# Huskie Shedding...



## Huskie101 (Sep 12, 2006)

Crystal is a outside dog but when i take her in the house for brushing i sit there for hours and it doesn't do much. I put her outside and she still sheds like crazy. Is it related to what i'm feeding? Because she's outside? Maybe she needs special grooming? I had a 4yr.old huskie that never shed like she does and she was also a outside only dog. I was thinking of taking her to a groomers but why waste money if she will look bad the next day? Any idea's? Thanks


----------



## Sister (Aug 28, 2006)

Does it seem worse at certain times of the year? I know my pug is constantly shedding.


----------



## Huskie101 (Sep 12, 2006)

Not that i notice she was even shedding some in the winter.


----------



## kellymac (Jun 2, 2006)

My mom and dad have a husky/wolf mix. He sheds year round. He has plenty of hair though. We can brush him in the middle of winter and he is still sheding. I thnk it's just that they have so much. I know on my mom and dad's dog, you can't see his skin at all. You can pull his hair apart and you still can't see it.
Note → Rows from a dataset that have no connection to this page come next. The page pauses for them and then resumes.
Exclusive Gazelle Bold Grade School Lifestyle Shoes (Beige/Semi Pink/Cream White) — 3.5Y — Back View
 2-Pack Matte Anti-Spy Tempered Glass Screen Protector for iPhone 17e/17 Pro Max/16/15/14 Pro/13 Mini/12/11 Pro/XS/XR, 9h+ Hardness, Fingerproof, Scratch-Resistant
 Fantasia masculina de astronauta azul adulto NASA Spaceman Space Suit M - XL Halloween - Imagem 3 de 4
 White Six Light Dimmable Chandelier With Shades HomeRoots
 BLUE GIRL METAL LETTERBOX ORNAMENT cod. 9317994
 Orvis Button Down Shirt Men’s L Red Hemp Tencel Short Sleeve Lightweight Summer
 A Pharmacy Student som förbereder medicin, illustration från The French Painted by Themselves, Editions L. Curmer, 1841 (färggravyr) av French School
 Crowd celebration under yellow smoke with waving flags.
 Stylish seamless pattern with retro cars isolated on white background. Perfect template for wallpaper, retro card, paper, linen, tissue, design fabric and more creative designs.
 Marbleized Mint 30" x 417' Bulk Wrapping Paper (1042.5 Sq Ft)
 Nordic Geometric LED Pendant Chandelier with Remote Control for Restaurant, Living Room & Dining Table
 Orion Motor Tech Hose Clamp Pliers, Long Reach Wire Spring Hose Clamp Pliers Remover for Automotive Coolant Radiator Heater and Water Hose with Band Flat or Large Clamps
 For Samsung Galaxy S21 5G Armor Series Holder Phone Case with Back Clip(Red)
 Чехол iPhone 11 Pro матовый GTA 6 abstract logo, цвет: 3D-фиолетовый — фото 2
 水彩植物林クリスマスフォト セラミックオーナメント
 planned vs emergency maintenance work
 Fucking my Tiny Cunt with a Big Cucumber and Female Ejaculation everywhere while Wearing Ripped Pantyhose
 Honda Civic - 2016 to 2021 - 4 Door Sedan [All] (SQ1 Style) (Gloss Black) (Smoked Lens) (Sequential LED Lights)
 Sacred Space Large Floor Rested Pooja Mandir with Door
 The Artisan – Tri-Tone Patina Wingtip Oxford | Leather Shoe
I really do think that it is the kind of dog they are.


----------



## Huskie101 (Sep 12, 2006)

Ok, thanks  i'll keep an eye on her though.


----------



## imjennwhoareyou (Sep 10, 2006)

Huskies shed alot anyway, but If its the time of year when your pulling clumps out of your dogs coat, you might want to bring him/her to a groomer and have them blow the undercoat out with a high velocity blower. Where I groom it costs about 45. But they will get a bath, toenail trimming, and ear cleaning with that. Blowing the hair out is alot more effective than brushing it. I know it would take me hours just to brush a husky out during that clumpy period.


----------



## Huskie101 (Sep 12, 2006)

It is starting to clump and stuff thats why i've been brushing her more often.


----------



## kellymac (Jun 2, 2006)

Their hair tends to come out in clumps more in the summer, because they have so much. If you don't like having to brush it out, you may want to just contact a groomer like imjennwhoareyou said.


----------



## Lorina (Jul 1, 2006)

What kind of brushes are you using? An undercoat rake will do a lot more for removing the dead hair than a regular hairbrush-type brush.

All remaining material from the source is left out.